I imagine the refurbishment of a used Falcon 9 1st stage will involve a wee bit more than just a bit of spit and polish.
It'll be examining the rocket engines for faults, replacement of degraded parts, examining the whole structure for defects, and replacement of any other parts if required - however, that will still be cheaper than completely building a 1st stage from scratch.
Here's hoping the re-use will be a successful one!
I wouldn't be surprised if the first one (and several beyond) costs more to refurbish than to build new. But once they get the procedure down and figure out what parts actually need attention, it should come way down.

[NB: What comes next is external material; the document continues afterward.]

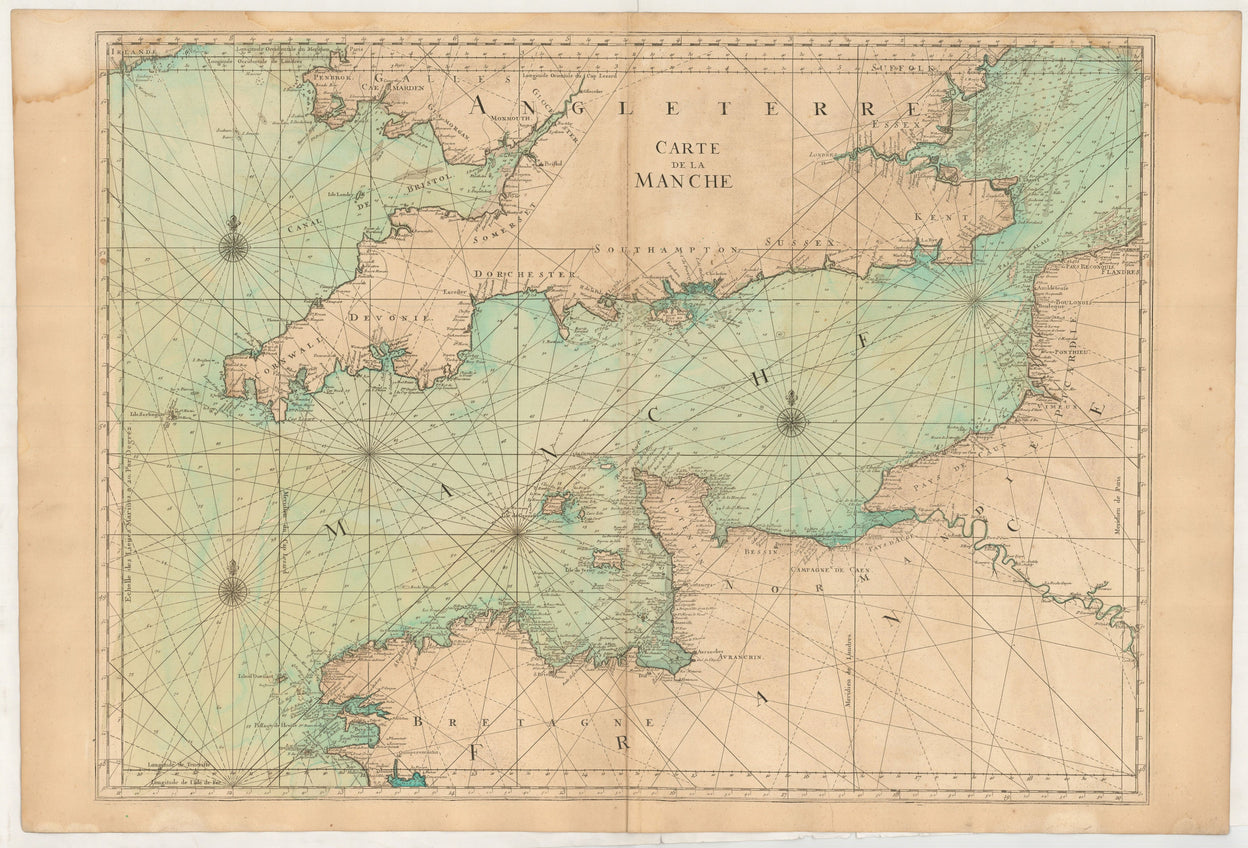 Carte de la Manche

That would actually be incredibly surprising, shocking, in fact. There's really only so much work that can be done inspecting and refurbishing the rocket stages, they only have so many systems. They are precisely the opposite sort of beasts as the Space Shuttles which were some of the most complicated systems ever created by mankind. The Falcon 9 boosters are pretty much just engines, propellant tanks, avionics, and some miscellaneous bits. There's just not a ton to inspect and not a ton that can go wrong. More importantly, the vast majority of the cost of the vehicle is in the engines and tanks. The tanks are unlikely to degrade from launch to launch and are practically binary in their serviceability (they either work or they don't). Engines are incredibly expensive to manufacture and realistically the amount of inspection work that would need to be done to match that cost is just mind-boggling, and there's no good reason to imagine they'd need to do more than bore scoping. Especially since at this point if they find a potentially problematic engine, they just unbolt it and bolt on a brand new one. This increases costs a bit, of course, but it still saves a tremendous amount of costs. If the incremental flight cost of a first stage goes from the full manufacturing cost down to the cost of an engine or two plus recovery, inspection, and refurbishment, that's at a minimum tens of millions of dollars saved.

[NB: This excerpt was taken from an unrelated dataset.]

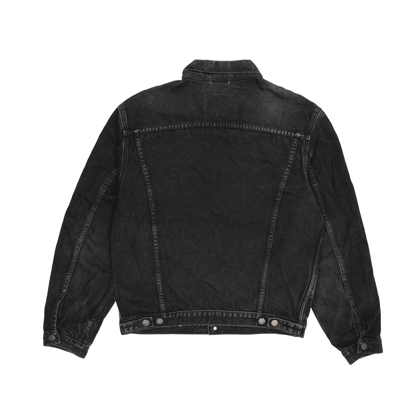 Levi's Vintage Black Denim Jacket Men Medium 100 Percent Cotton Collared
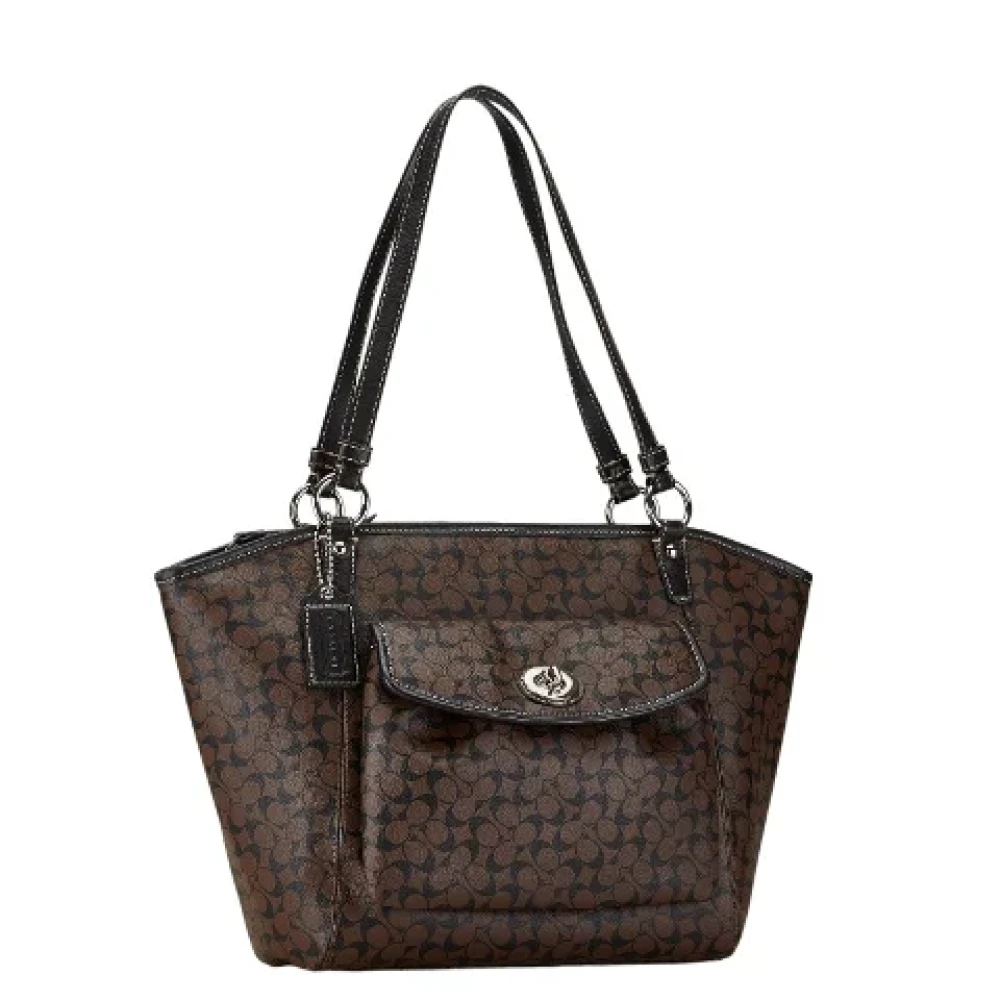 Coach Pre-owned Leather totes Brown Dames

Well, the Shuttle engines were, on the order of $50M or something like that. But the Merlin-1D, according to a former SpaceX employee on Reddit, is in the ballpark of $1M per unit. They've really streamlined the design for mass production, so even if thrown away after a single use, the Merlins are actually much cheaper than the Shuttle engines even if you take RS-25 reuse into consideration (9 launches per one RS-25 unit in average - so about $5-6M per engine-launch in just amortized manufacturing costs?). They're also much simpler and sturdier, much like the F-1 engines - despite not being designed for it, it turned out that those could have been used for about twenty-thirty times without major problems and without major component replacements. The RS-25s pretty much required general overhaul after every flight.

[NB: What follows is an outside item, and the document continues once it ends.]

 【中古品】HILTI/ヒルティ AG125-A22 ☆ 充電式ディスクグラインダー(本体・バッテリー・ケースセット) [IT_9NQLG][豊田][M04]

And the Falcon 9 first stage has nine engines, so that's about 9-14 million dollars worth of engines for the stage. That's in the ballpark of a quarter of the total hardware cost of the booster, and that almost certainly doesn't include the testing overhead for each engine.
Anyway, my point is, even if all that SpaceX had to work with for reuse was the main rocket body and a pile of the majority of the engines in working order, that would easily add up to tens of millions of dollars worth of equipment, and thus tens of millions of dollars of cost savings on reflight. There's practically no way that reflight could be more expensive than a new rocket, there's just not enough complexity in the vehicle for that to realistically be possible.
True. I've long held the view that low costs of launches basically require two things: the equipment should be cheap to manufacture and cheap to service. Shuttle violated the former big time and in all likelihood also the latter. F9 certainly satisfies the former already and there's no reason to think that it won't eventually satisfy the latter, too.
Note that the SSME puts out about 3x the thrust and has a substantially better specific impulse, so you should probably be comparing one RS-25 to 3-5 Merlins.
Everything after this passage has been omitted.